IV - Reuni

Memiliki beban moral terhadap seseorang itu rasanya tak menyenangkan. Seperti ada beban berat yang menghimpit dada. Dan serasa kepala juga akan pecah jika tak dituntaskan. Seperti itulah kiranya yang dirasakan Freya. Sejak salah sangkanya pada putra Yudhistira, Freya merasa tak tenang. Meski sudah meminta maaf, tapi ia belum merasa lega. Ada rasa yang mengganjal di hatinya.

Terlebih juga sikap Yudhistira yang rasanya makin dingin terhadapnya. Ingat, hanya terhadap Freya. Karena untuk karyawan lain yang berpapasan dengannya, Yudhistira hanya memasang wajah datarnya. Tapi dengan Freya. Tatapan tajam nan menusuk pria itu membuat Freya bahkan tak berani mengangkat kepala saat mereka berpapasan.

Dan suasan bekerja yang serba menakutkan dan menegangkan seperti itu sama sekali tak membuat Freya nyaman. Ingin ia menghampiri Yudhistira langsung saat ada kesempatan. Tapi ia juga tak ingin berbagai gosip miring menyebar hanya karena keinginannya yang meminta maaf secara pribadi terhadap Yudhistira. Dan Freya benar-benar tak tahu apa yang harus dilakukannya sekarang.

“Frey, mau makan siang di mana?” tanya Firda dan Kirena membuyarkan lamunan Freya.

“Hah? Memang sudah masuk jam makan siang?”

Kirena terang-terangan mencibirnya. “Ini nih penyakitnya. Kalau sudah melamun nggak ingat waktu.”

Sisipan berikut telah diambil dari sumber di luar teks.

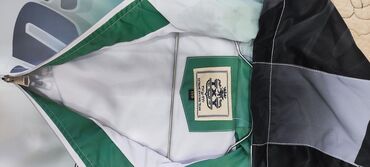 детская одежда демисезонная: Kurtka super vəziyyətdə. 12-13 yaşlı uşaqlar üçün. razmer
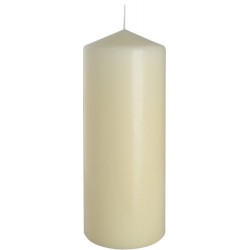 Cylinder-shaped candle, 7,8 cm diameter, burning time 90 hours, pack of 6 pieces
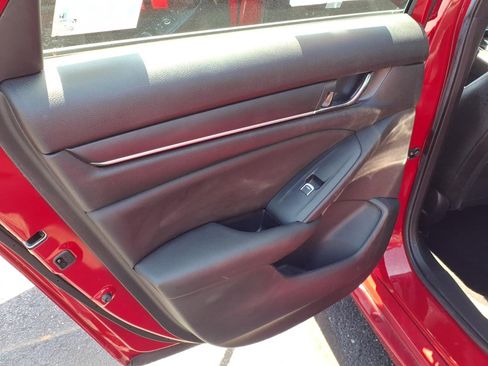 Used 2019 Honda Accord Sport image 13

Freya hanya mendesah pasrah dengan cibiran Kirena. Memang beberapa hari ini Freya seakan tak konsentrasi dalam bekerja. Tak hanya bekerja, karena nyatanya di rumah Mama sering kali menegurnya. Bahkan Mama sempat khawatir perubahan diri Freya ini adalah dampak dari rencana perjodohan yang gagal dengan Arka. Jelas saja Freya langsung membantah anggapan tersebut. Bukan Arka yang membuatnya banyak pikiran. Tapi Arjuna dan Yudhistira.

“Makan di kafe seberang kantor aja deh. Kayaknya aku lagi pengin makan steak,” pinta Freya pada keduanya yang langsung disetujui.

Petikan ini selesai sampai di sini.